Inside the Inflation Reduction Act is the plan to expand the IRS significantly, with an addition of more than 80,000 agents costing around $80 billion. About $10 billion of this has already been spent. The Republicans, however, have put their foot down. They've passed a bill to eliminate the remaining $70 billion, and coincidentally, their line in the sand matches Biden's precisely.
This situation brings to mind the Obamacare saga. Democrats pushed through a monumental piece of legislation that had little public approval, didn't function well, and was unaffordable. Voters then elected Republicans with the expectation that they would dismantle it. But now, Biden expects Republicans to fund the very legislation they were voted in to oppose. This is certainly a curious turn of events.
This funding predicament echoes back to the era of McConnell, Boehner, and Paul Ryan when Republicans consistently funded Democrat-passed laws, which is not what the voters put them there to do. This is a far cry from the intentions of our founding fathers, who believed that if one party passes a law and the next party opposes it, that law should be discarded.
So, the House Republicans and Biden find themselves at an impasse, their lines in the sand perfectly aligned. There's talk of some short-term compromises to keep things moving, but it's highly unlikely that Republicans will agree to raise the debt ceiling without significant alterations to the Inflation Reduction Act.
Kevin McCarthy is a seasoned politician. He knows better than to ask his caucus to fund the very legislation they pledged to repeal. And he understands that if he attempts to pass this on the floor with Democrat votes, he would be done as Speaker of the House almost immediately.
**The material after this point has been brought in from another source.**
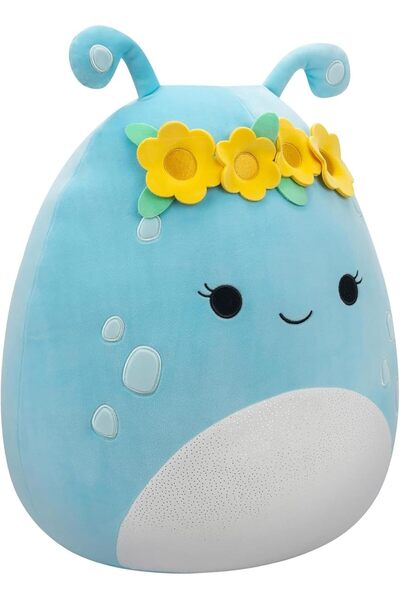 Generic Jazwares 12 inch Medium Plush Neelu Pastel Blue Alien with Flower Crown - Kellytoy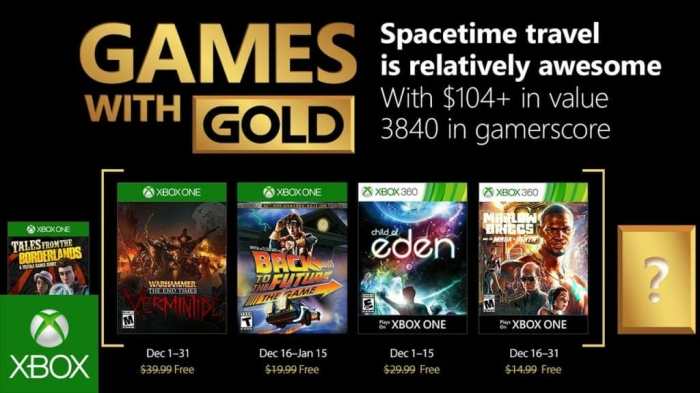 Xbox live games with gold for december 2017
Some conservative House members, particularly those from staunchly Republican districts, have already taken a risk by voting to raise the debt ceiling. They could stomach that decision because they were still upholding their promises to halt the IRS expansion. But funding the Inflation Reduction Act? That's a compromise they can't afford to make. It would jeopardize their standing in their home districts.
So, what's the future hold? As Trump noted, we can default now or default later. It seems we might be bracing for a default sooner rather than later. So, prepare for a bumpy ride. And as always, remember to take it easy.